Required work
Without changing anything, set down every line shown below.
[Start of Attachment]
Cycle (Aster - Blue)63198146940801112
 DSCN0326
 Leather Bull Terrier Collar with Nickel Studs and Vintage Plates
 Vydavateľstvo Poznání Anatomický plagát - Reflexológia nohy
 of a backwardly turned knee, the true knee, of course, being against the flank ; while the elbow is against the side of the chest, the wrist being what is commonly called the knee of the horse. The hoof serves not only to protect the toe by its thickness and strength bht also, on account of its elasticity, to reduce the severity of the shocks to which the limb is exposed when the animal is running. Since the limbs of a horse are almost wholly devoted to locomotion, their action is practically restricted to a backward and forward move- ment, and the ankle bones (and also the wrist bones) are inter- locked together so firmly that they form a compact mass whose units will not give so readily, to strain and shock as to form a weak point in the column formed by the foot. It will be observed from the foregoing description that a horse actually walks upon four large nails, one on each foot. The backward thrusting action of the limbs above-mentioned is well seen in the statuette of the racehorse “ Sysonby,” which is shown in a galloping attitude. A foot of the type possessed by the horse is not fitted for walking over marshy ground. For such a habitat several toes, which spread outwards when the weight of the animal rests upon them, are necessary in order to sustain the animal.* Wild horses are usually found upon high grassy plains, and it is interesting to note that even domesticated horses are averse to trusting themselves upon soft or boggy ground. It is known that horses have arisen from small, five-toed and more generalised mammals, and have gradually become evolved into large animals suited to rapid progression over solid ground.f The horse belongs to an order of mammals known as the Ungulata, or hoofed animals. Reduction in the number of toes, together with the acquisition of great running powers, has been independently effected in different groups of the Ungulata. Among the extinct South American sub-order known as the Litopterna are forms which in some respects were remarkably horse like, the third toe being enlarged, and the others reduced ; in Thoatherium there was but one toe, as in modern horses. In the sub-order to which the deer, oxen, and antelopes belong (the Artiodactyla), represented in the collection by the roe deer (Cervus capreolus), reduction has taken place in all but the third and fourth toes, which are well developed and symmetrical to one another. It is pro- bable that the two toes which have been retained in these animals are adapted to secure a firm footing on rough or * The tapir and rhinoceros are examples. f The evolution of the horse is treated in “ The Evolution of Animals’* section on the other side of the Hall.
[End of Attachment]
Output of the exercise
Cycle (Aster - Blue)63198146940801112
 DSCN0326
 Leather Bull Terrier Collar with Nickel Studs and Vintage Plates
 Vydavateľstvo Poznání Anatomický plagát - Reflexológia nohy
 of a backwardly turned knee, the true knee, of course, being against the flank ; while the elbow is against the side of the chest, the wrist being what is commonly called the knee of the horse. The hoof serves not only to protect the toe by its thickness and strength bht also, on account of its elasticity, to reduce the severity of the shocks to which the limb is exposed when the animal is running. Since the limbs of a horse are almost wholly devoted to locomotion, their action is practically restricted to a backward and forward move- ment, and the ankle bones (and also the wrist bones) are inter- locked together so firmly that they form a compact mass whose units will not give so readily, to strain and shock as to form a weak point in the column formed by the foot. It will be observed from the foregoing description that a horse actually walks upon four large nails, one on each foot. The backward thrusting action of the limbs above-mentioned is well seen in the statuette of the racehorse “ Sysonby,” which is shown in a galloping attitude. A foot of the type possessed by the horse is not fitted for walking over marshy ground. For such a habitat several toes, which spread outwards when the weight of the animal rests upon them, are necessary in order to sustain the animal.* Wild horses are usually found upon high grassy plains, and it is interesting to note that even domesticated horses are averse to trusting themselves upon soft or boggy ground. It is known that horses have arisen from small, five-toed and more generalised mammals, and have gradually become evolved into large animals suited to rapid progression over solid ground.f The horse belongs to an order of mammals known as the Ungulata, or hoofed animals. Reduction in the number of toes, together with the acquisition of great running powers, has been independently effected in different groups of the Ungulata. Among the extinct South American sub-order known as the Litopterna are forms which in some respects were remarkably horse like, the third toe being enlarged, and the others reduced ; in Thoatherium there was but one toe, as in modern horses. In the sub-order to which the deer, oxen, and antelopes belong (the Artiodactyla), represented in the collection by the roe deer (Cervus capreolus), reduction has taken place in all but the third and fourth toes, which are well developed and symmetrical to one another. It is pro- bable that the two toes which have been retained in these animals are adapted to secure a firm footing on rough or * The tapir and rhinoceros are examples. f The evolution of the horse is treated in “ The Evolution of Animals’* section on the other side of the Hall.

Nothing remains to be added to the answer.